Government is putting in effort to have a progressive and gradual end-user tariff reduction to support industrialization for socio-economic transformation and improved welfare of society.
This was revealed by Ruth Nankabirwa, the Minister in charge of Energy and Mineral Development, at Uganda Media Centre, while announcing the 2023 Electricity End-User Tariffs.
According to the minister, the effort to reduce the end-user tariff remains a key aspiration of the country as an enabler of industrialisation for social and economic transformation.
She noted that government, with support from the World Bank, is to implement the Energy Access Scale-Up Project (EASP) to support over 1,360,000 households, Industrial Parks, SMEs and refugees and host communities to get connected to electricity under the Electricity Connection Policy (ECP).
“I congratulate you all for the announced weighted average tariff reduction of 1.2% that speaks to the government’s efforts for progressive gradual end-user tariff reduction to support industrialization,” she noted.
According to ERA board chairperson Dr.
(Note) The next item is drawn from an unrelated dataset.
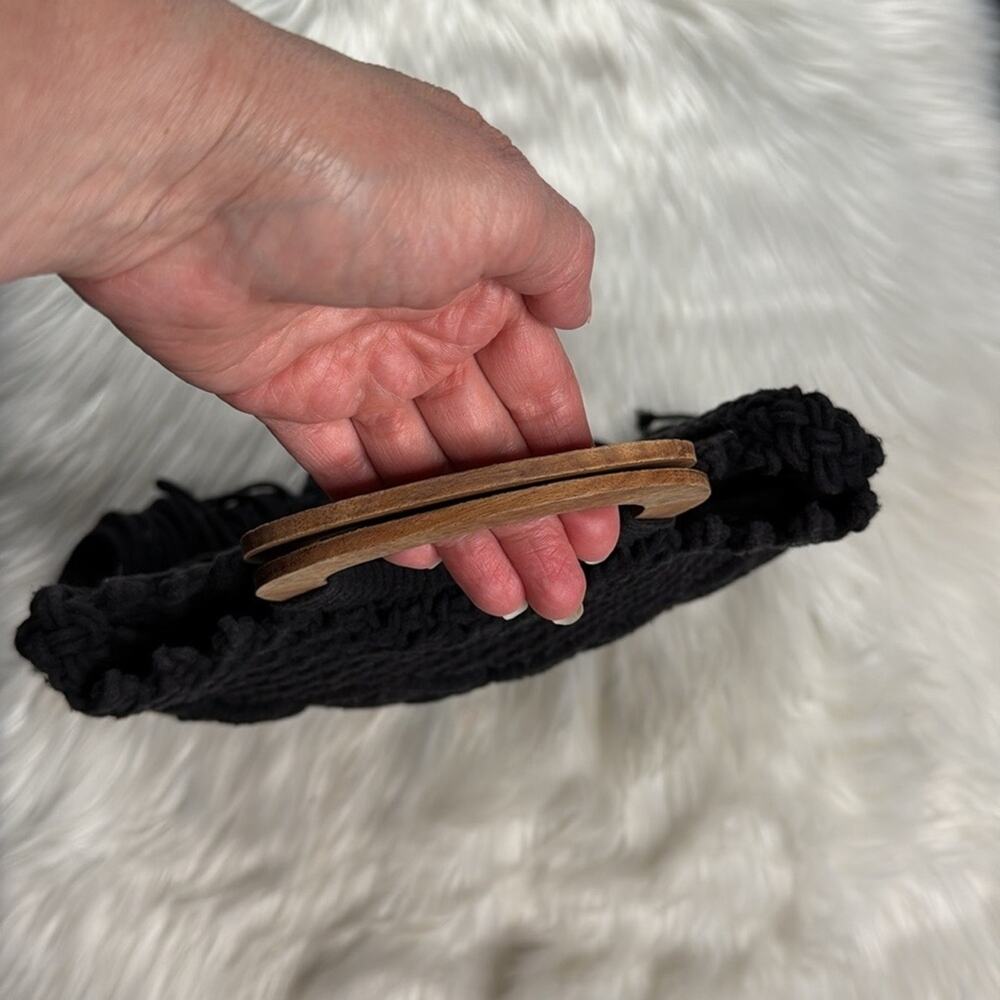 Danielle Nicole Black Macrame Fringe Bag - image 8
Sarah Wasagali Kanaabi, the tariffs for lifeline 15units for domestic consumers have been maintained at Shs250 per unit just like the ending 4th quarter 2022.
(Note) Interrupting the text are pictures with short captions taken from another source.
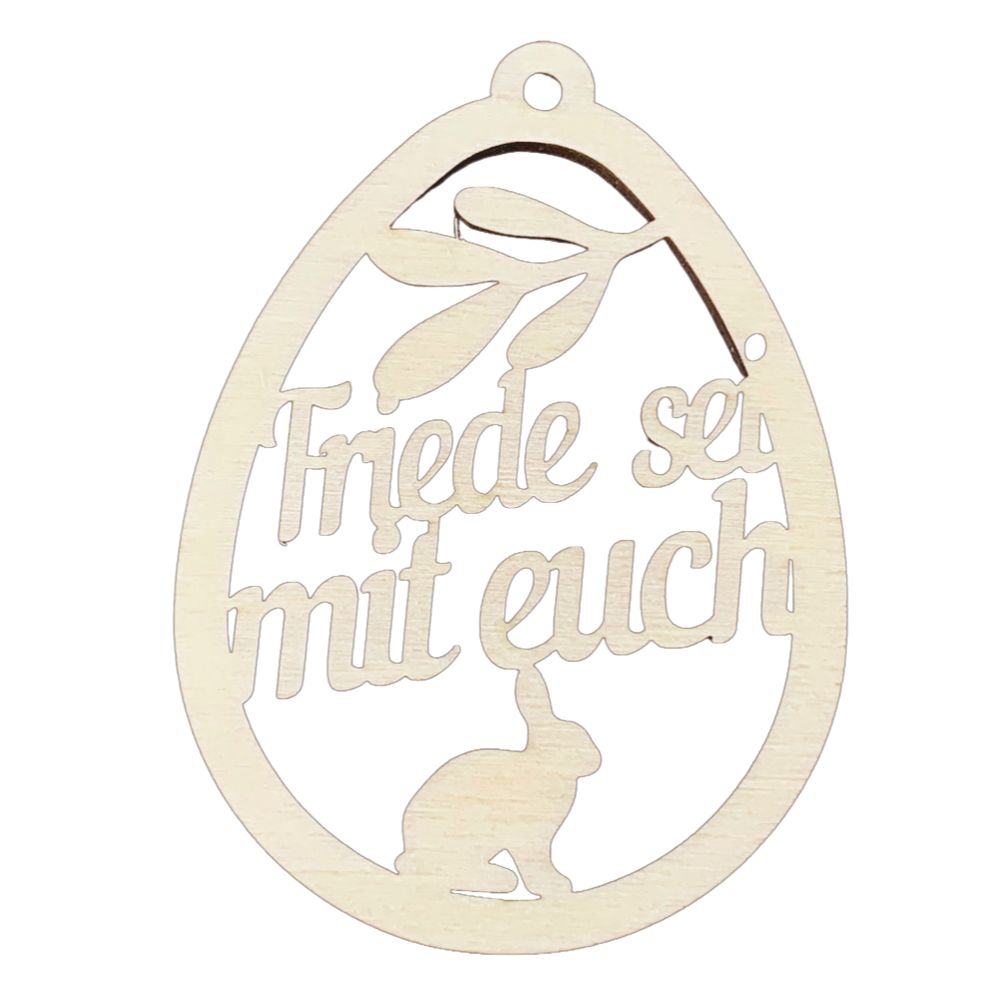 Osterei Pappel Friede sei mit Euch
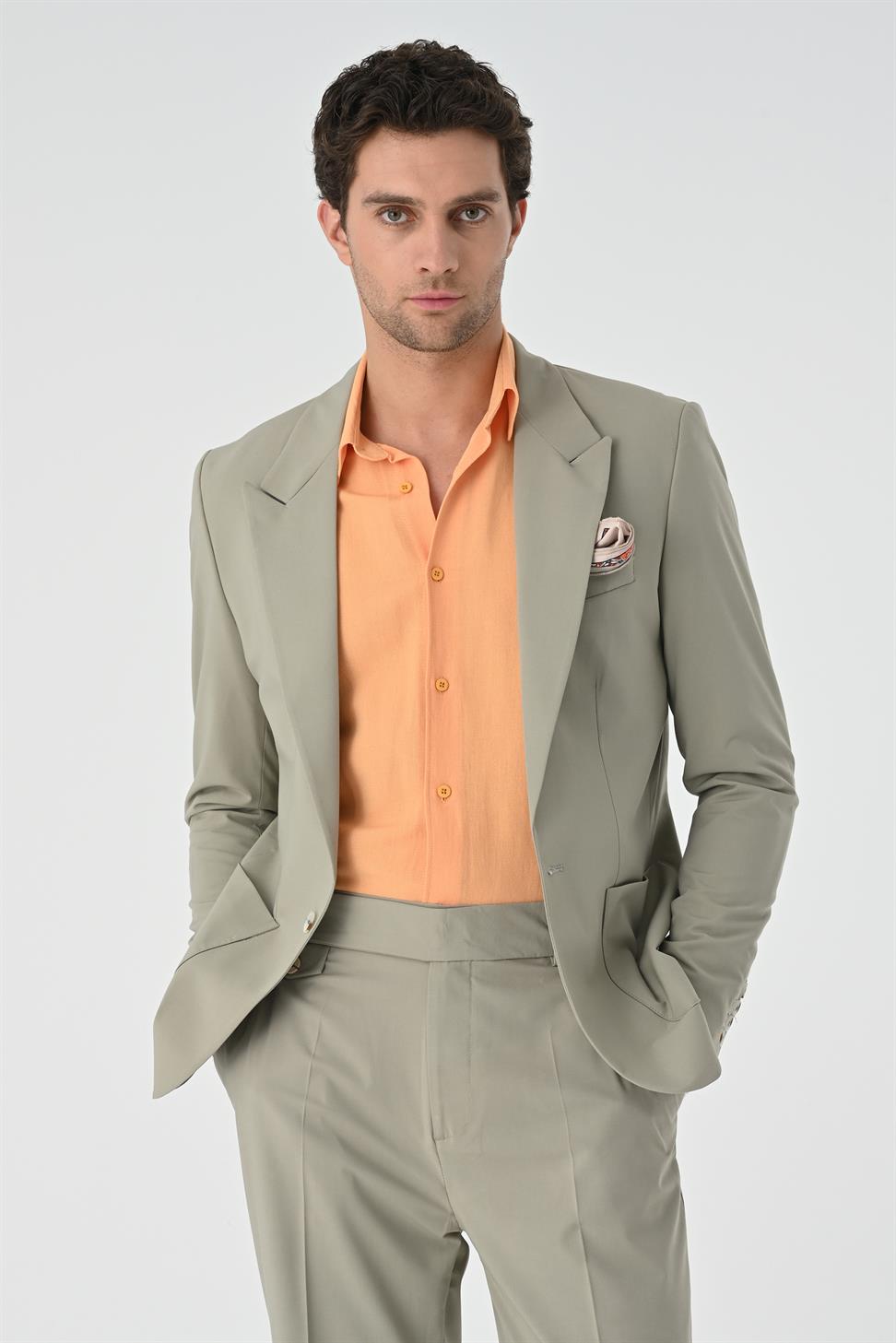 Antioch Açık Haki Torba Cepli Tek Düğme Erkek Ceket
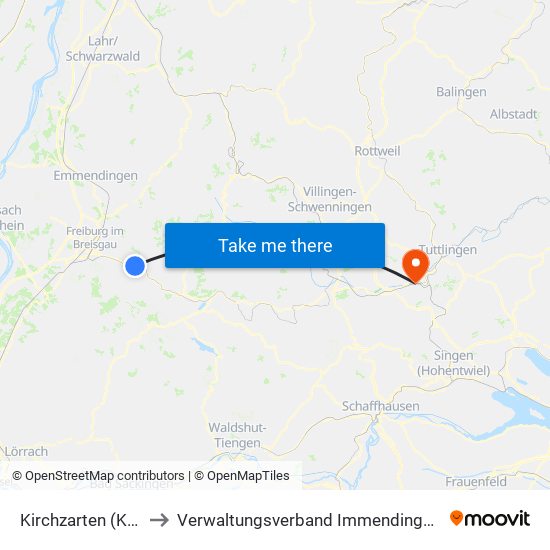 Kirchzarten (Kernort) to Verwaltungsverband Immendingen-Geisingen map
In the first quarter which runs from January 1 to March 30, domestic consumers who use beyond 15units (16-80units) will enjoy a reduced tariff of Shs808.9 per unit down from Shs820.9 per unit under the expiring 4th quarter 2022.
Those who will use between 81-150units per month, will pay Shs412 while those above 150units will be charged Shs808.9 per unit.
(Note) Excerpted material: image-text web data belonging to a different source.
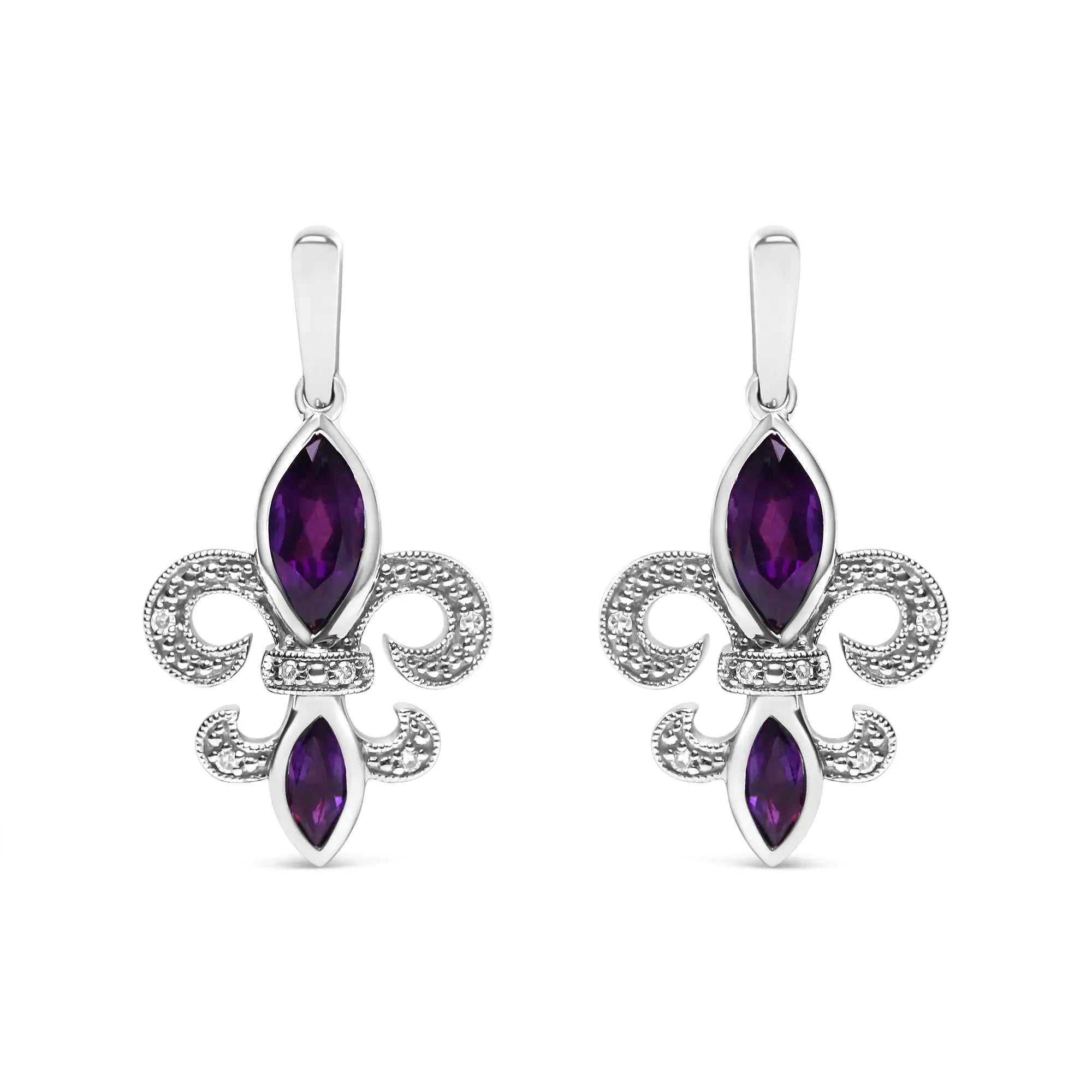 .925 Sterling Silver Marquise Cut Amethyst and Diamond Accent Fleur De Lis Dangle Stud Earrings (H-I Color, SI1-SI2 Clarity)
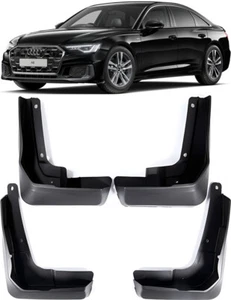 Genuine Splash Guards Mud Flaps For 2019-2024 Audi A6 C8 S-Line S6 Black Edition - Picture 1 of 9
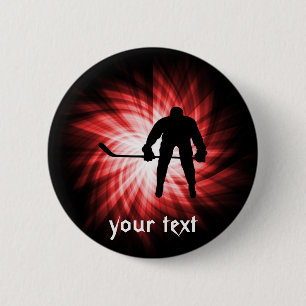 Badge Rond 5 Cm Hockey rouge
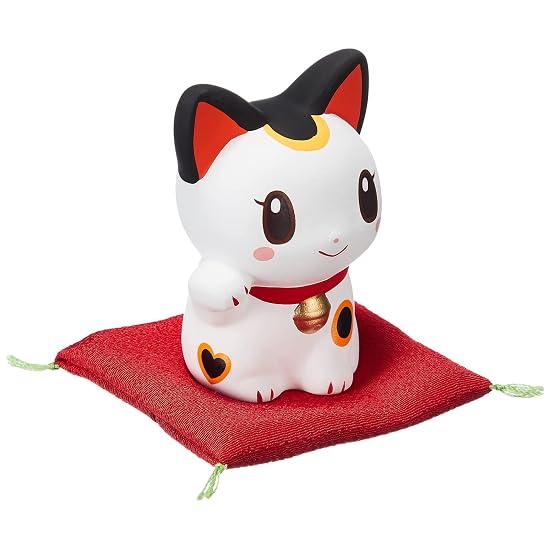Yakushigama Nishiki-sai Bell Sound Money Beckoning Cat, Height 8cm, Atsuko Nishida, 7697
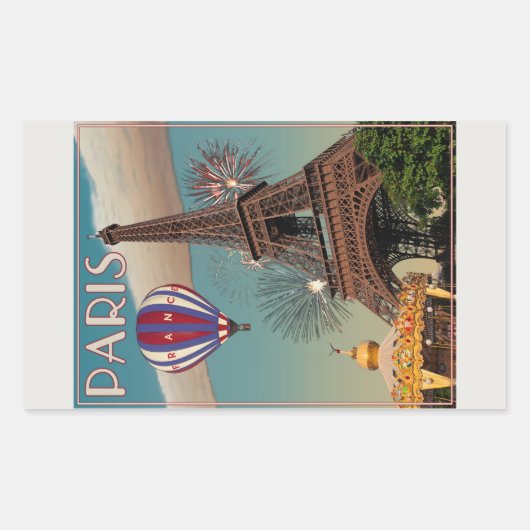 De Eiffeltoren Rechthoekige Sticker (Voorkant)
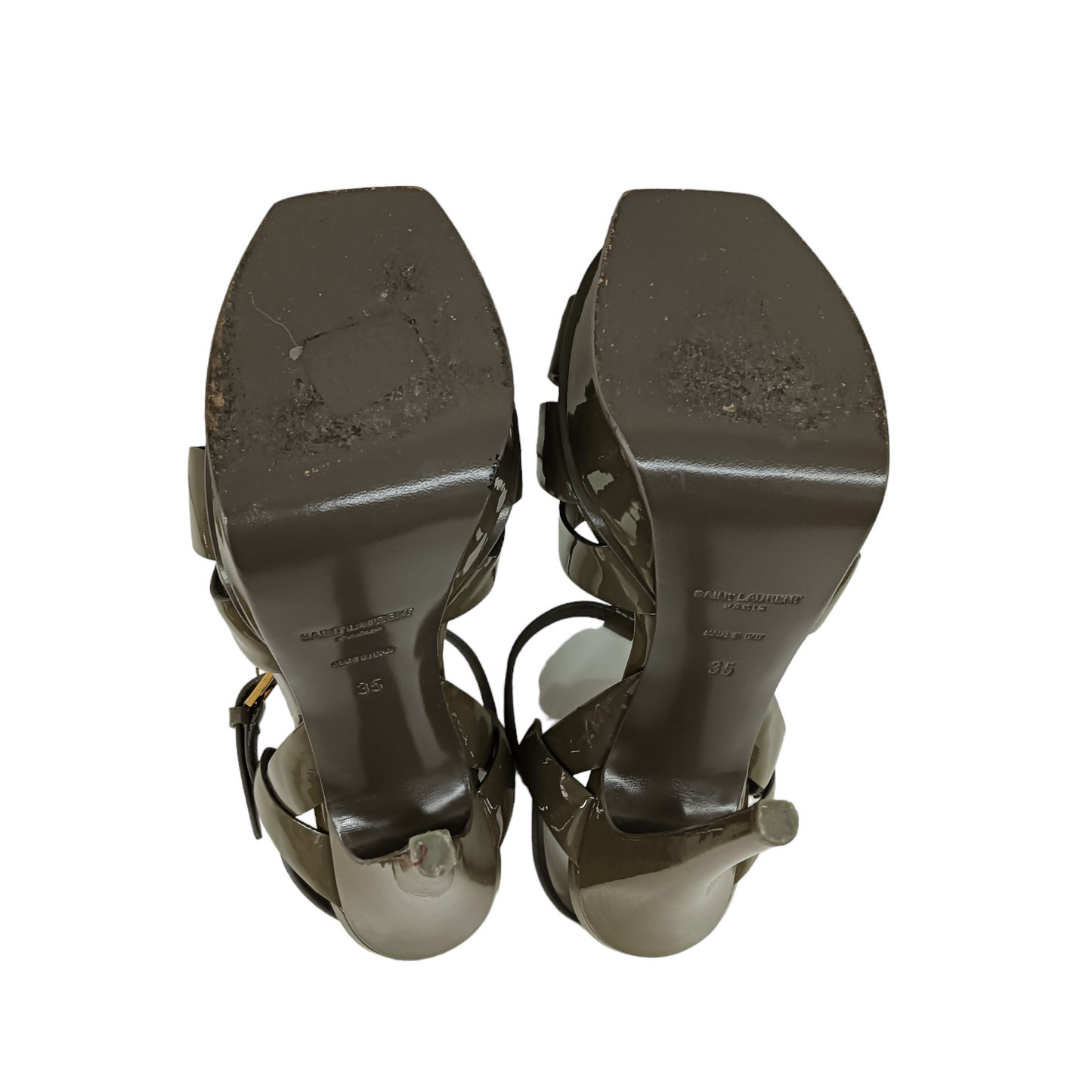 YVES SAINT LAURENT Sandal 35 Lady's Olive Damage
As for Commercial consumers, they will on average pay Shs624.6 per unit, Shs820.3 during peak hours, Shs628.3 shoulder and Shs380.2 off peak.
The medium Industrial consumers will pay 472.3 per unit (average), Shs646.9 peak, Shs476.8 Shoulder and Shs255.4 during off peak.
Large Industrial consumers will pay Shs386.3 (average), Shs521.3 peak, Shs387.2 and off-peak Shs245.5 per unit.
Extra large Industrial consumers will pay Shs326.6 (average), Shs431.1 peak, Shs328.2 shoulder and off-peak Shs234.9.
As for street lighting, ERA has maintained the tariffs at Shs370 per unit.
Nankabirwa highlighted that government has packaged a number of programs to accelerate electricity connections and enhance access to power supply in the country.
Under the hybrid customer connection financing framework, the minister noted that government has reduced the cost of a no-pole new customer connection, from UGX 720,883 to UGX 470,000 through a subsidy of UGX 250,883 for each no-pole connection.
Government through the Uganda Development bank, has provided a credit line of UGX 270,000 for those who are unable to pay a lump sum of UGX 470,000.
Therefore, a customer that is located near an electricity pole can now make a down payment of UGX 200,000 to get connected to electricity and clear the balance of UGX 270,000, through a 15 percent charge on their energy purchases over a period of eight years.